EF visits Nauvoo in June 1844; sees mummies and papyri; mentions son's "revelations."
Edmund Flagg, "Nauvoo," in Charles A. Dana, ed. The United States Illustrated; in Views of City and Country. With Descriptive and Historical Articles. The West; or, The States of the Mississippi Valley, and the Pacific (New York: Herrmann J. Meyer, 1853), 42–43
It was in the month of June, 1844, as already intimated, and during the unparalleled flood of that season, that the writer last visited Nauvoo. . . . Upon the walls of his bar-room hung a full length portrait of himself, as commander-in-chief of the military force of Nauvoo, in full regimentals; and a full representation likewise of the temple as completed, though then hardly ready for its roof.
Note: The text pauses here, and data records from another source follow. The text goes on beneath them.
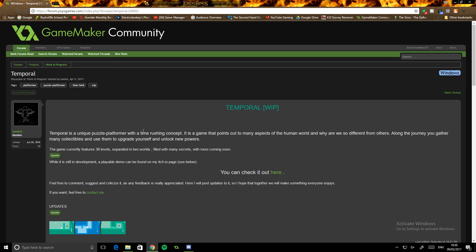But anyway, guys. That was my review of Temporal. Again, if you like the review, remember to like and subscribe. I'll just do what you guys want to do. And I'll talk to you in the next one. Thank you.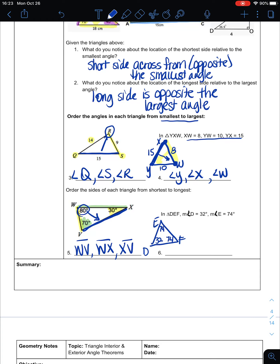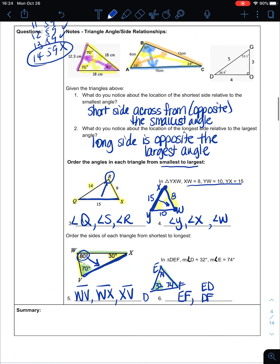Since angles E and F are both 74°, triangle DEF is isosceles — the sides opposite those equal angles are equal. The smallest angle is D at 32°, so the shortest side is EF. The other two sides, ED and DF, are equal in length. The key principle: the short side is across from the small angle, and the long side is across from the largest angle.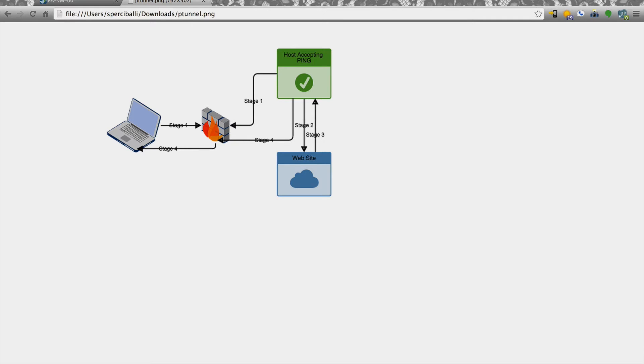Hey all, Steven Perspalli here and today we are going to be tunneling TCP over HTTP. More specifically, ping. So ICMP echo requests and echo replies.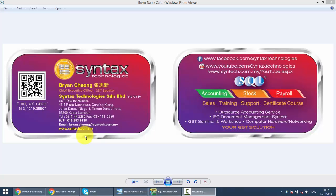We'll continue with our SQL Accounting System training. And in today's lesson, we'll talk about Stock Transfer.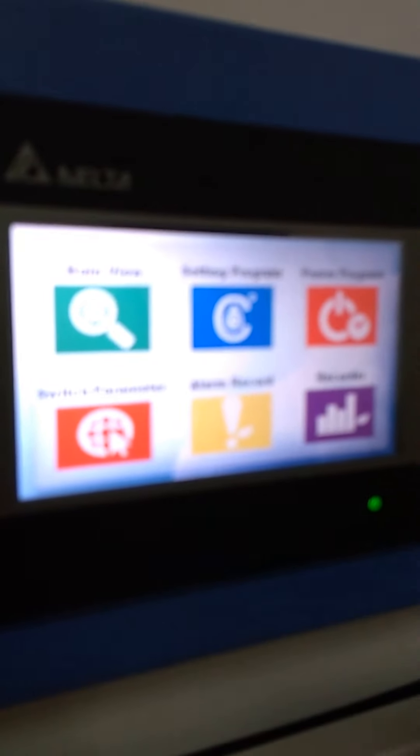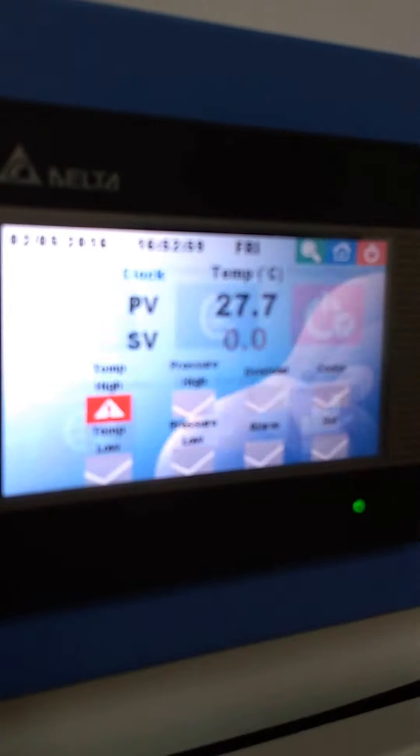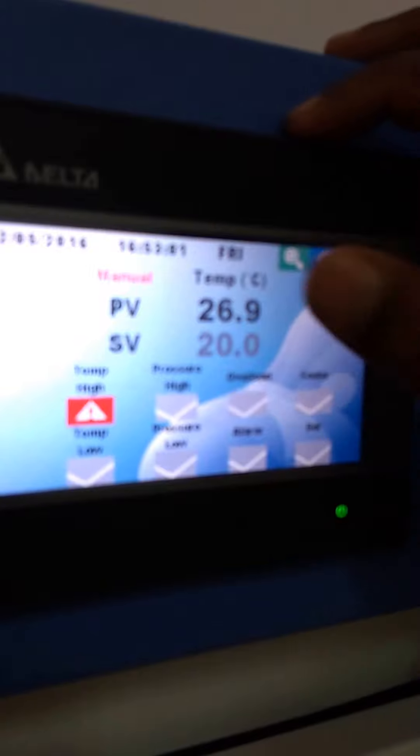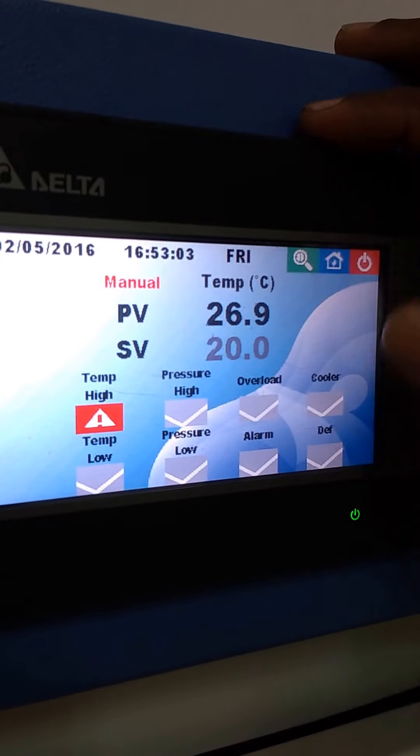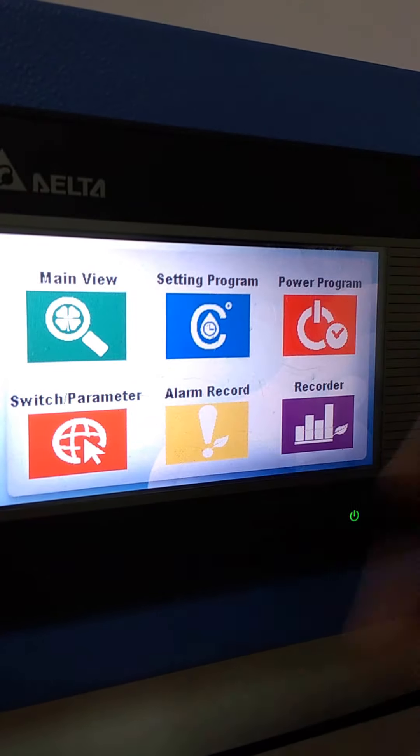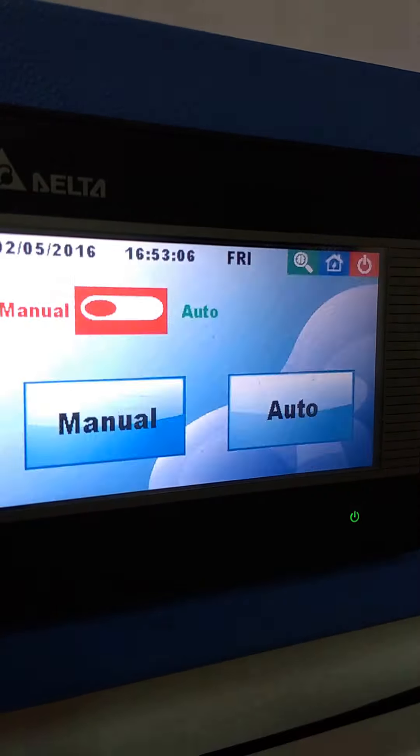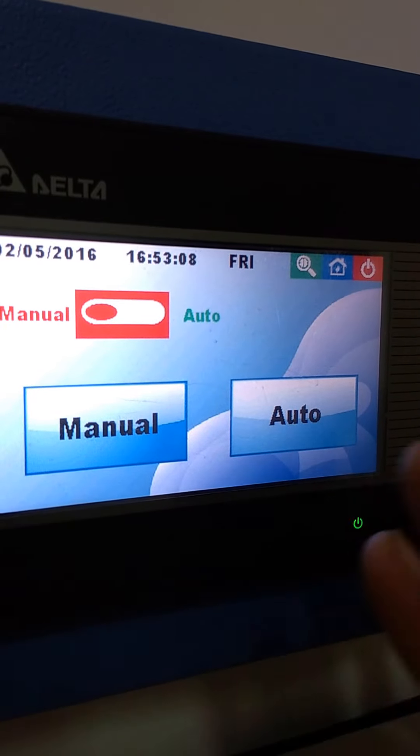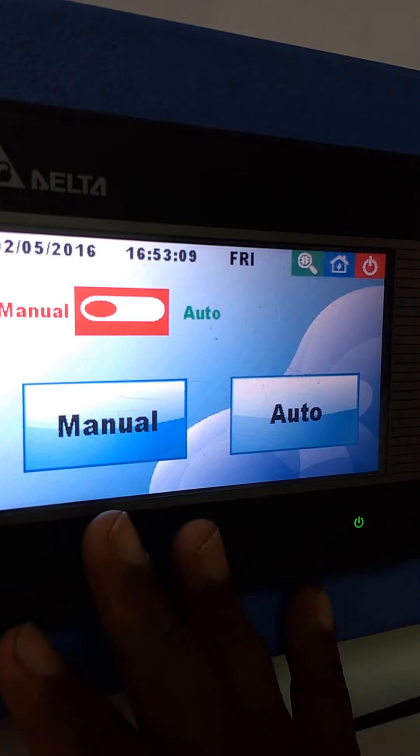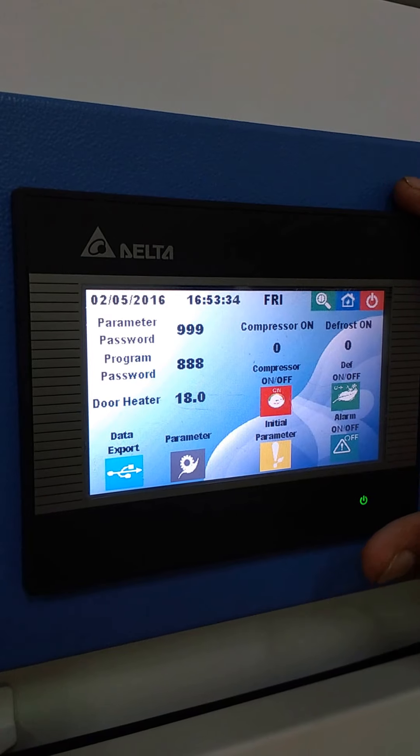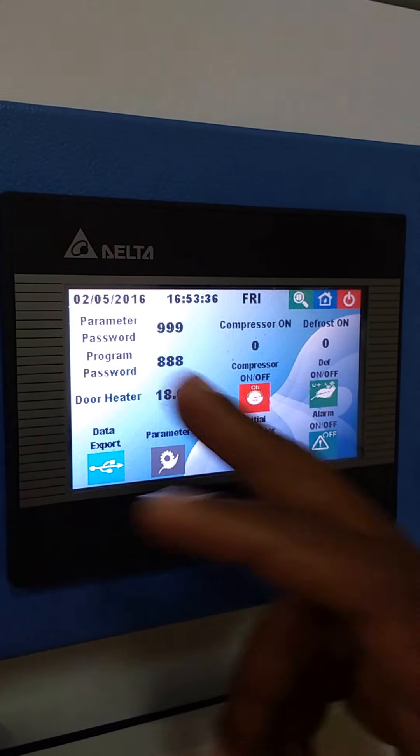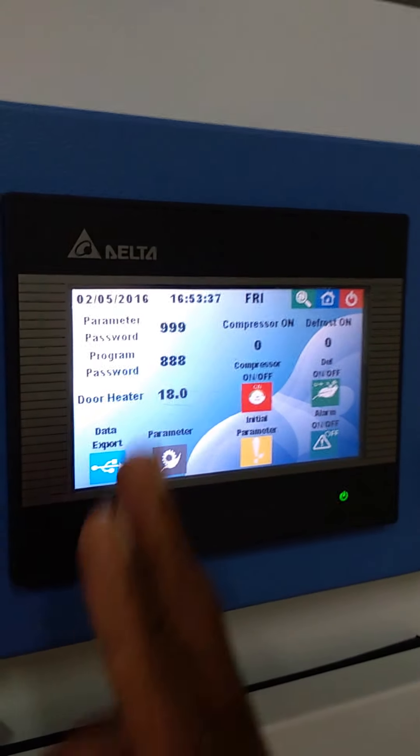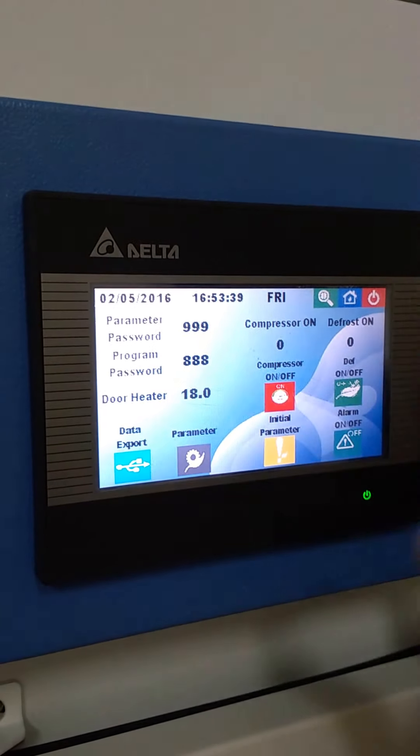Coming to the panel, it has six apps. In main view, you can see the present value and set value. In setting programs, you can choose auto mode or manual mode. It is a password-protected control panel which has parameter password and program password that can be monitored.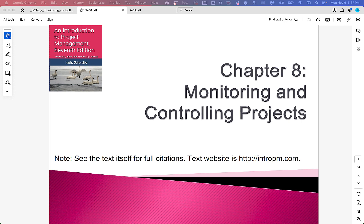Hi, this is Kevin Trainor. Welcome to my lecture on Chapter 8 of the Kathy Schwalbe textbook, An Introduction to Project Management, 7th edition. Chapter 8 is about monitoring and controlling projects. So let's get started.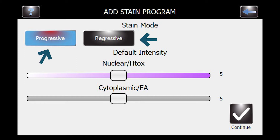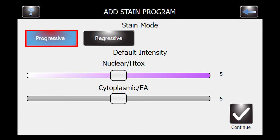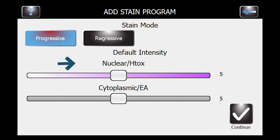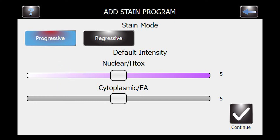Today we'll start with progressive. The GUI gives you the option of separating nuclear and cytoplasmic staining to get started. We'll do H-tox of five and EA cytoplasmic of four. Go ahead and hit continue.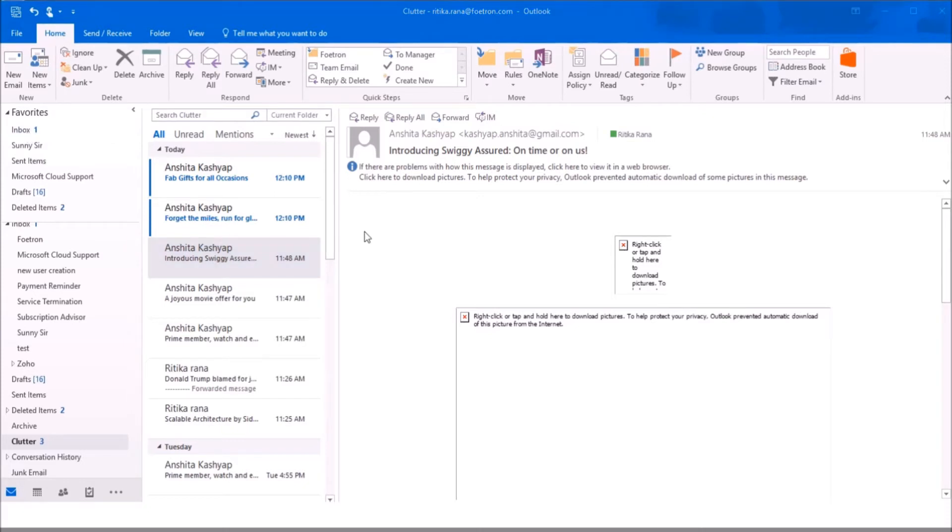Therefore, using the clutter folder, you can easily manage your inbox and focus on your priority tasks. To know more about amazing features of Outlook, you can subscribe to our YouTube channel. Thank you.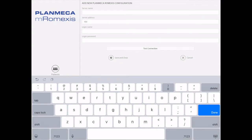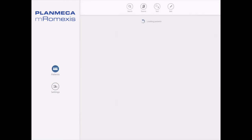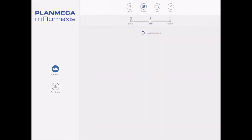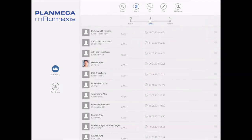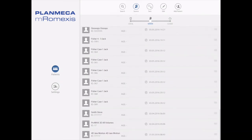So now we're going to enter that IP address under Server Address, and then under Login Name you're going to enter SYSADM, and Login Password is PROMAX — P-R-O-M-A-X — and hit Test Connection, then Save and Close. Now when we go to our source at the top, we can change that over to Server and you will see all of your patient records in Emeril Mexes.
In an adjoining room, an Egyptian mummy, together with divers metallic plates covered with hieroglyphics, and connected by a ring, were exhibited by the prophet’s mother, a very aged and infirm woman, who, poor old soul, with implicit faith, demonstrated their connexion with the revelations of her shameless son—at the charge of a quarter of a dollar a head. Here, also, were two young and handsome, and loosely clad females, a portion, probably, of that spiritual household which the prophet's wife, Emma, had permitted him to introduce under her roof.